In 1994 the ARS and APHIS became more involved with Plum Island, the APHIS were connected with research in attempting to eradicate “Cattle Fever Ticks”
As some may be aware, the research center at Plum Island is shortly going to be moved to the mainland, much to people’s horror. The following extract was taken from a USDA site regarding the facility on Plum Island:
“Today, biotechnology has advanced to the point where such work could safely be done in a facility on the mainland, but the island setting offers the U.S. livestock industry an extra measure of protection. Since top-quality animal research requires that, at some point, a possible new vaccine or treatment be tested on the potential recipient species, housing those animals on the island, miles across the water from any commercial livestock operation, ensures that we won’t accidentally endanger the nation’s livestock population.”
President George Bush has publicly admitted that accidents have occurred on the island, which makes the decision to move to the mainland somewhat risky. And even if the facility is safe under normal conditions, what would happen if the center was attacked by terrorists? Is this not creating an additional target for attack and increasing the risk to the US population?
The next extract provides a little more information on what APHIS does:
“APHIS uses the term biotechnology to mean the use of recombinant DNA technology, or genetic engineering (GE) to modify living organisms. APHIS regulates certain GE organisms that may pose a risk to plant or animal health. In addition, APHIS participates in programs that use biotechnology to identify and control plant and animal pests.”

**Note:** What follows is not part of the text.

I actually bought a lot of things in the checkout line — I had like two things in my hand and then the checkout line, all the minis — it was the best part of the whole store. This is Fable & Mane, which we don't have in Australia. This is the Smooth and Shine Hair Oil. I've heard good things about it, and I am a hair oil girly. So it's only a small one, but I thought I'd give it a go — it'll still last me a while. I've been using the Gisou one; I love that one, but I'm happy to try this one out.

Plum Island comes under the control of DHS:
“On November 21, 2002, President Bush signed legislation creating the Department of Homeland Security (DHS) to unify Federal forces and protect our Nation from a new host of terrorist threats. More than 22 Federal agencies were consolidated into the new department, including portions of the U.S. Department of Agriculture’s (USDA) Animal and Plant Health Inspection Service (APHIS)…..on June 1, 2003, the property and facilities of USDA’s Plum Island Animal Disease Center, jointly run by APHIS and USDA’s Agricultural Research Service (ARS), are being transferred to DHS.”

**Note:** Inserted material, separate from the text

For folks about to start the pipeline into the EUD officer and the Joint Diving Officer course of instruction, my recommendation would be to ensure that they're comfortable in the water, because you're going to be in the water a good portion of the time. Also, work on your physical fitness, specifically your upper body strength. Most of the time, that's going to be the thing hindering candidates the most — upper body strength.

An unconfirmed report has suggested that a person on Plum Island was cured of Lyme Disease, yet no such antidote is available to the public. So, is the increase in Lyme Disease just a coincidence, or is it connected in some way to the research on Plum Island?
If people are being purposely infected with this disease, what is the purpose? Is it some attempt to reduce the population, an experiment, or simply a new tactic for drug companies to introduce some expensive cure at a later date?
For the moment we can only speculate and educate ourselves as much as possible about Lyme Disease. We must also hope that some doctors do the same, as there have been many reports of sufferers being wrongly diagnosed and treated badly when they have requested further investigation.